# [Problem]
With the pictures left out, transcribe exactly the lines from the one with "[조직행위론] SM 엔터테인먼트의 다각화 전략-3" through the end of the data.

# [Data to process]
▽
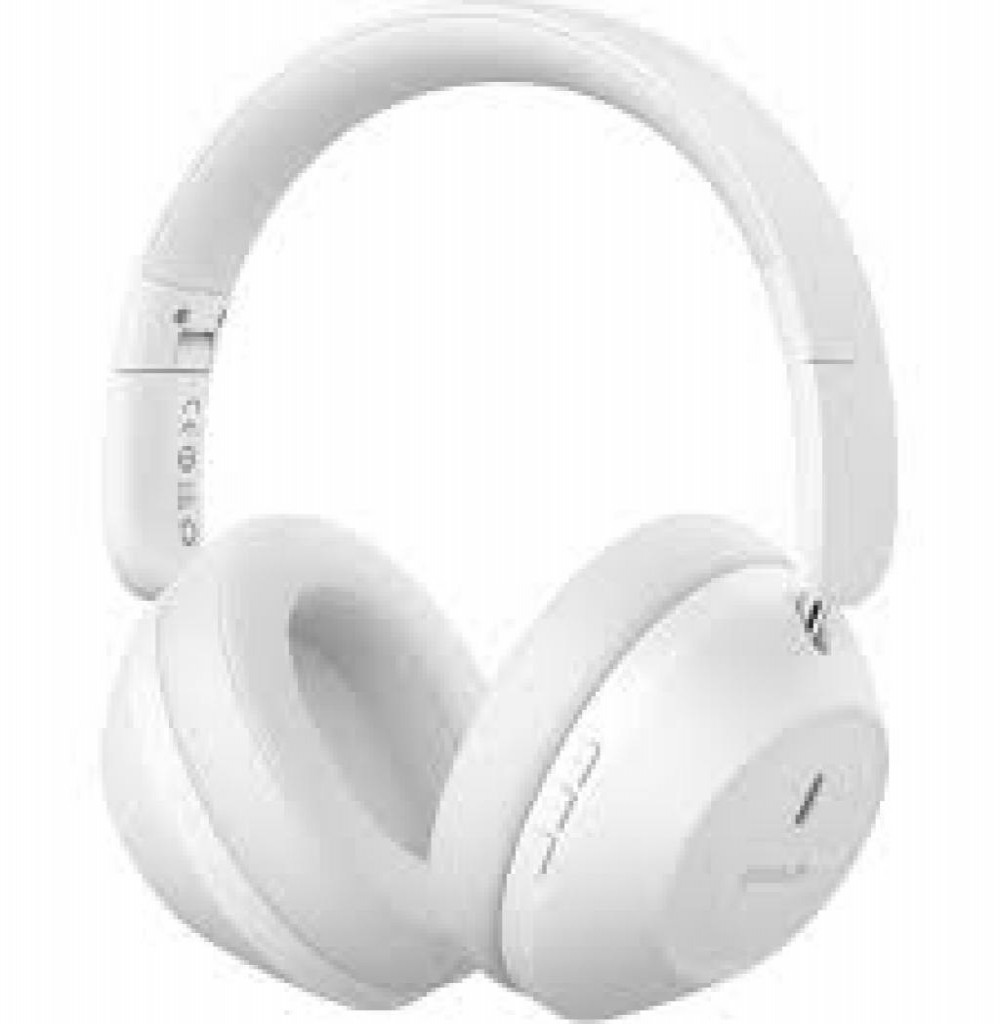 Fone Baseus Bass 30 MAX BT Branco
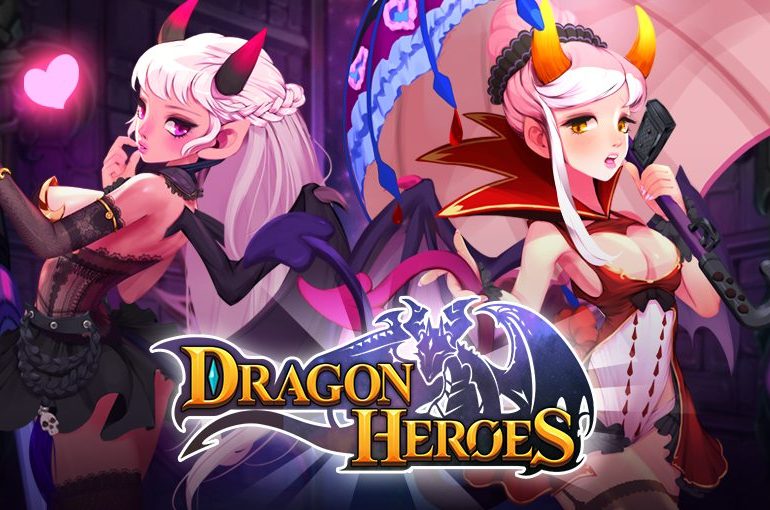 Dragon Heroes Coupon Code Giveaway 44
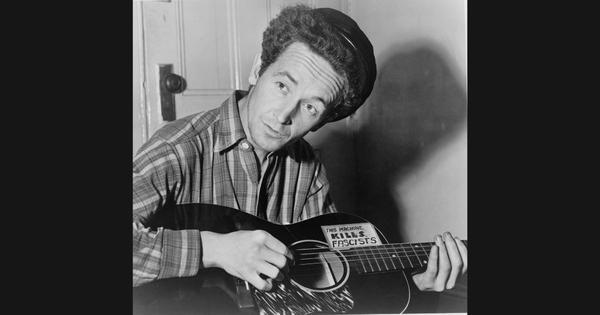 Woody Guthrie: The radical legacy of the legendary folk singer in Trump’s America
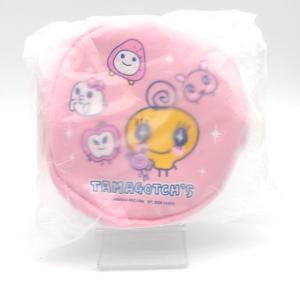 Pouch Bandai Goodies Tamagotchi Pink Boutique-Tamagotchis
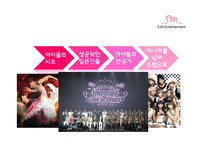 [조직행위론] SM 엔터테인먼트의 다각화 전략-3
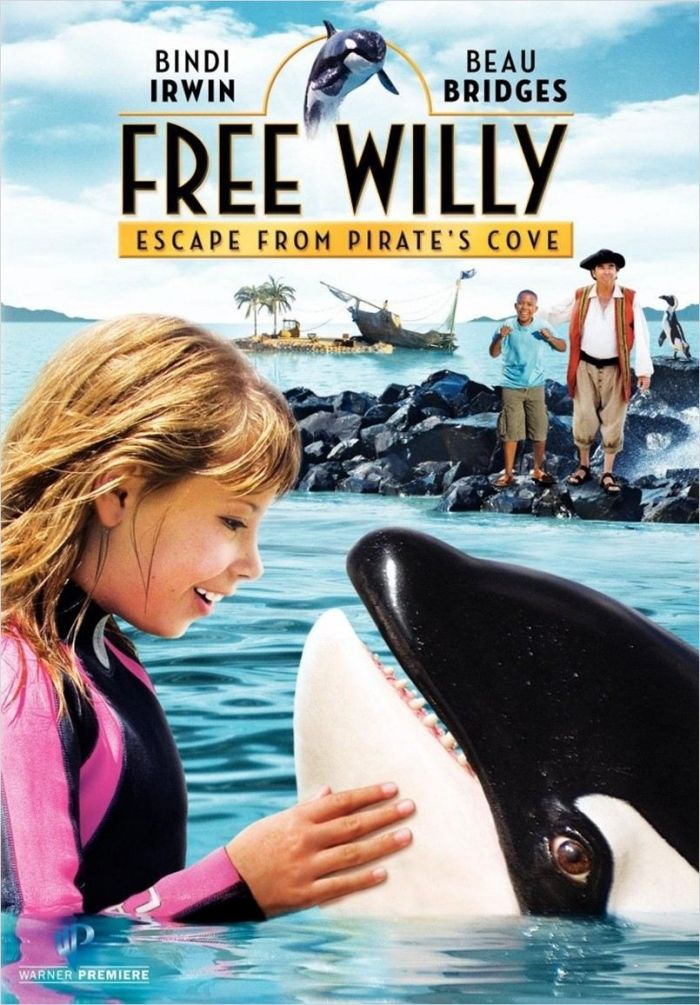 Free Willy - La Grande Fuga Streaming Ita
△
# [Solution to the exercise]
 [조직행위론] SM 엔터테인먼트의 다각화 전략-3
 Free Willy - La Grande Fuga Streaming Ita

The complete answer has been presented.